5. Condenser leakage control. Any pore or crack in condenser tubes, whatever its origin or size, can cause contamination of condensate and feedwater that will manifest itself with corrosion mechanisms in the tubular elements of the boiler or steam turbine. To minimize risks, efforts from different disciplines should be combined for the following:
a. Ensure effective chemical control of the cooling water to avoid erosion corrosion in the surface condenser tubes. 
b. High precaution to avoid shocks on the condenser tubes during maintenance work.
c. Maximum vibration control in the condenser tubes.

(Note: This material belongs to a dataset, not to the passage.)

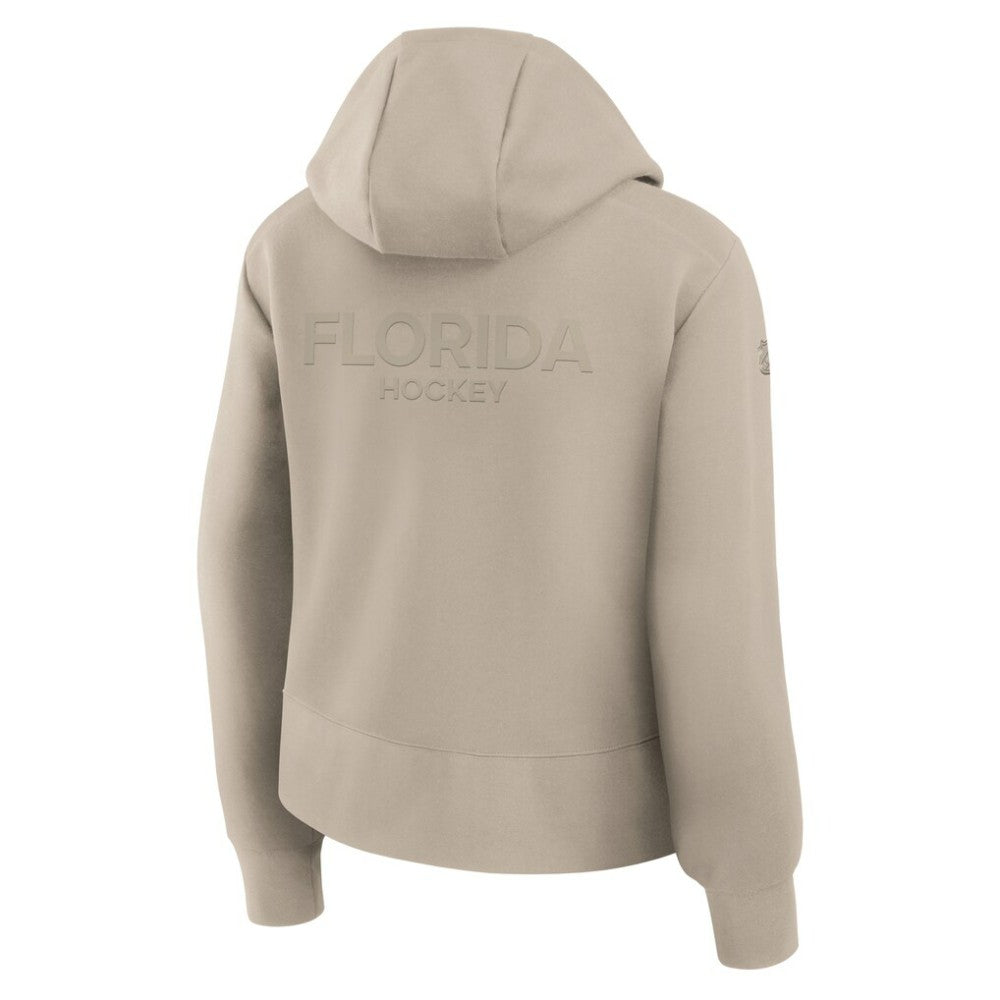 Florida Panthers - Fanatics Women's Authentic Pro Road Tri-Blend Quarter-Zip Hoodie Tan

6. Be careful with the temperature control water. If condensate contamination occurs, whatever the cause, the impurities will reach the turbine by the fast way, that is, through the temperature control water. In the event of any condensate contamination event, the first maneuver to consider is to shut down the temperature control system and proceed to repair the fault causing the contamination.

7. Mechanical drag control.  In order for the steam generator to achieve maximum efficiency of moisture separation and maximum steam drying capacity, the steam generation capacity must be respected according to the manufacturer's specifications, as well as the stop and start ramps, but the following good practices must also be considered in the steam dome:
a. Good condition of primary and secondary separators.
b. Correct water level in the dome.
c. Immediate correction of disturbances or bubbling in the water mirror of the dome. 
d. Avoid high level fluctuations due to load movements.

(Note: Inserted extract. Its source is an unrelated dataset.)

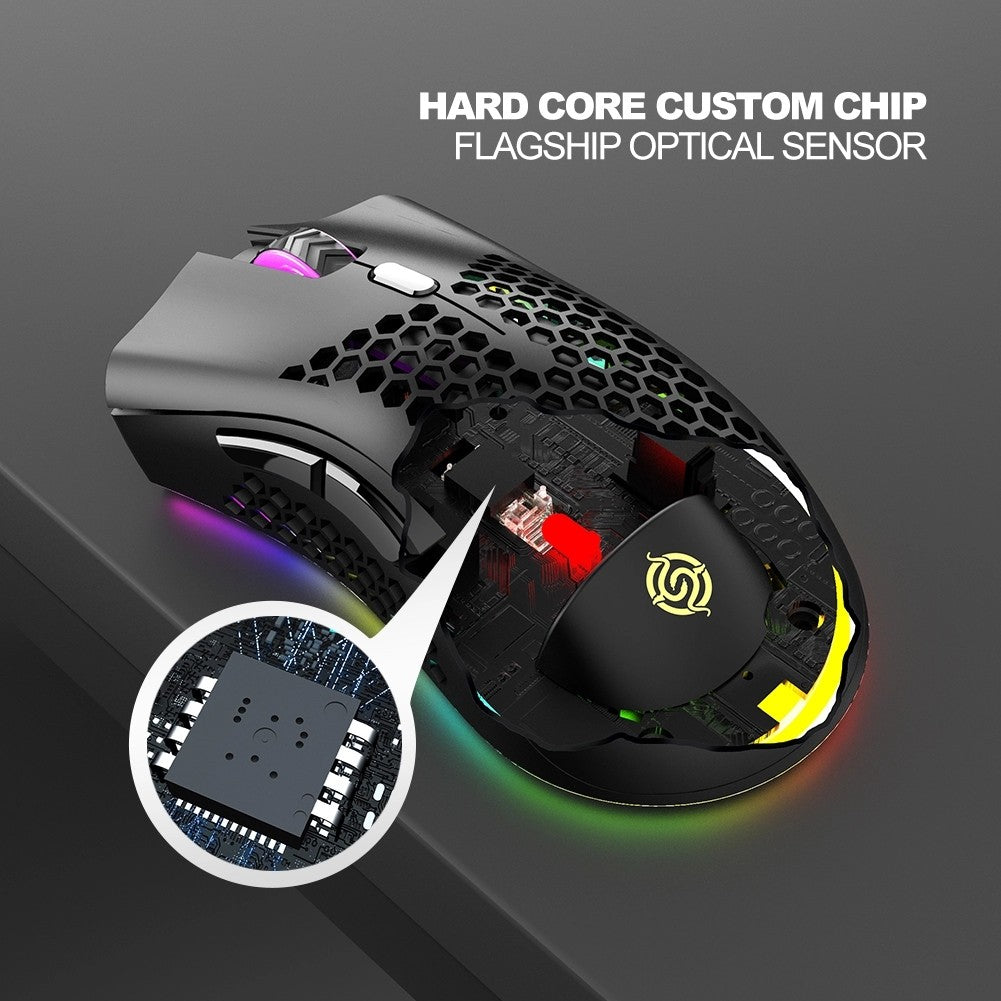 BM600 RGB Gaming Rechargeable Honeycomb Wireless Mouse - Soundz Store AUSTRALIA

8. Control of volatile carryover.  Since the conditions of pressure, temperature and PH of the dome water influence the specific volatility of chemical species, the following operating practices should be considered in the steam dome:
a. Establish maximum limits for specific conductivity, PH, sodium, silica, chlorides and sulfates in the dome water based on the type of treatment applied (phosphate, caustic or all volatile) and the maximum operating pressure of the steam dome.
b. Manage continuous blowdown of the boiler to always comply with the PH and specific conductivity limit and secondly to maintain control of silica, sodium, chlorides and sulfates.

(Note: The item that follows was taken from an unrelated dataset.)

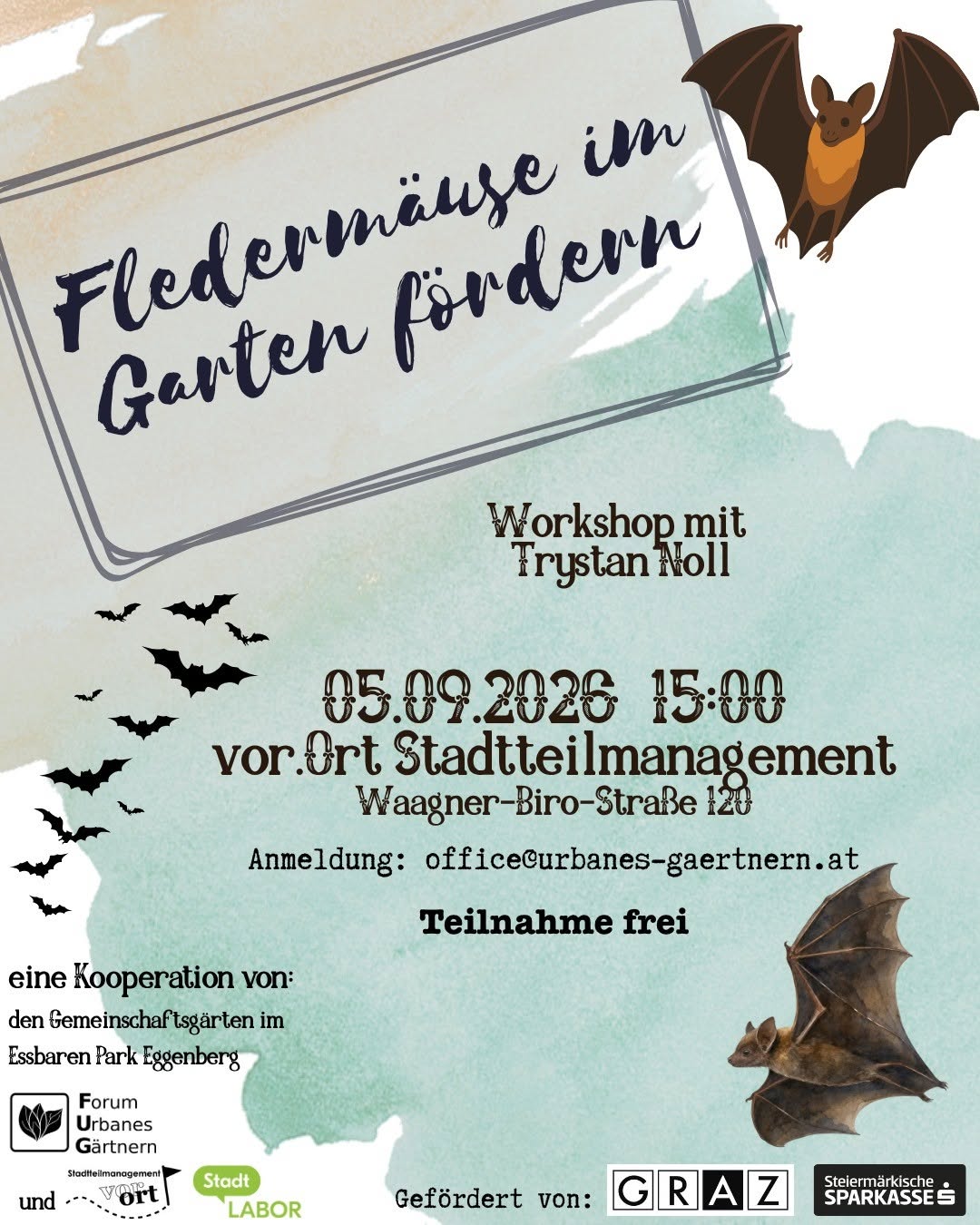 Fledermäuse im Garten fördern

9. Integral Chemical Treatment. All the programs offered today for the chemical conditioning of boiler water (condensate system and dome water) act by providing OH alkalinity to neutralize the corrosive action of impurities, but the best practice is that the chemical program, in addition to the chemical aspect, integrates mechanical and operational aspects to contribute to the improvement of the total operating costs of the plant, in this sense, the selection of the chemical program should consider the following criteria:
a. It must neutralize impurities in the boiler water with minimum affectation to steam purity.
b. It must achieve the best control of corrosion product transport (CPT).
c. It should help to reach steam conditions in less time.
d. It must help to optimize purge %.
e. It should provide high responsiveness and flexibility for chemical contingency control.
f. It should minimize chemical cleanings of the generator.
g. It must achieve the best steam generator conservation conditions (Lay Up).

10. Monitoring and contingency control plan (Troubleshooting). The water-steam cycle is a system that is prone to become contaminated at any day or time, therefore, power plants must be prepared with a plan that provides a quick response time before impurities cause permanent damage to the turbine or tubular elements of the steam generator. To confirm effectiveness, the plan should be evaluated regularly with drills. The plan should be documented with identification and definition of the following elements:
a. Sampling points at all stages of the cycle.
b. Critical and non-critical variables for each stage of the cycle.
c. Variables to confirm any chemical condition (Troubleshooting).
d. Chemical variables measured continuously (analytical instrumentation), plant laboratory and external laboratory.
e. Control limits for each chemical variable. 
f. Alarm limits of 3 levels based on the severity of contamination. 
g. Maximum permissible exposure time
h. Visible alarms in control room.
i. Routine and contrastive analytical procedures.
j. Frequencies of analytical routines
k. Field procedures for control of each contingency.